Cancer is characterized by genetic heterogeneity that is caused by tumorigenesis. Several research groups have begun to measure the degree of genetic heterogeneity in tumors to establish the impact of heterogeneity on cancer diagnostics, prognosis, and selection and monitoring of treatment. This tutorial shows how researchers at the Children’s Hospital in Boston, the Klinikum Rechts der Isar in Munich, and The University of Texas M.D. Anderson Cancer Center use Advalytix’ AmpliGrid single-cell molecular analysis platform in their quest to improve cancer diagnostics, prognostics, and treatment.

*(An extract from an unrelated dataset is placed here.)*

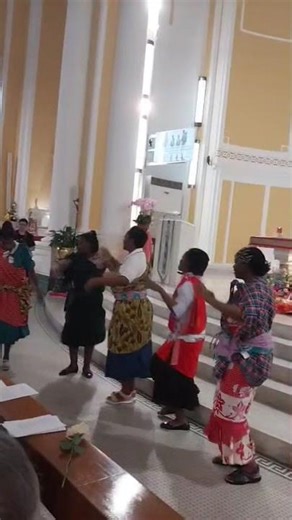 AFRICAN DANCE SHOWDOWN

Laurie Jackson-Grusby, Ph.D., of the Children’s Hospital Boston, is working to improve diagnostic methods and treatment of brain cancer. Her research aims to uncover the mechanisms of epigenetic control that permit self-renewal of cancer stem cells, and to describe phenotypes that characterize cancer stem cells. Ultimately, her research could lead to the development of drugs that specifically target stem cells to stop a tumor’s ability to spread.
Using flow cytometry, Dr. Jackson-Grusby tests potential stem cell markers by sorting stem cells into groups that are enriched for markers of interest vs. groups that do not express those markers. She then tests the ability of either group to form a tumor by injecting those cells into mouse brains, and also tests the stem cell self-renewal properties in cell culture. The idea that tumors originate from rare, individual cells is tested in these experiments by using the AmpliGrid platform (Figure) for mutation and epi-mutation analysis of individual cells.
Assuming stem cells differ in gene expression from nonstem cells, and that only a sub-population of enriched cells has the ability to self-renew, Dr. Jackson-Grusby’s team uses single-cell genetic analysis on marker-enriched cell fractions along with population-based qPCR to identify candidate genetic and epigenetic changes that might identify tumor-initiating or cancer stem cells.
Since gene-expression analysis destroys the cells, geno-phenotype cannot directly be associated with cell function. Therefore, the group translates expression hypothesis using immuno-enrichment to refine cell populations in each successive experiment. Using this iterative approach, the group expects to define more and more accurate phenotypes of stem cells.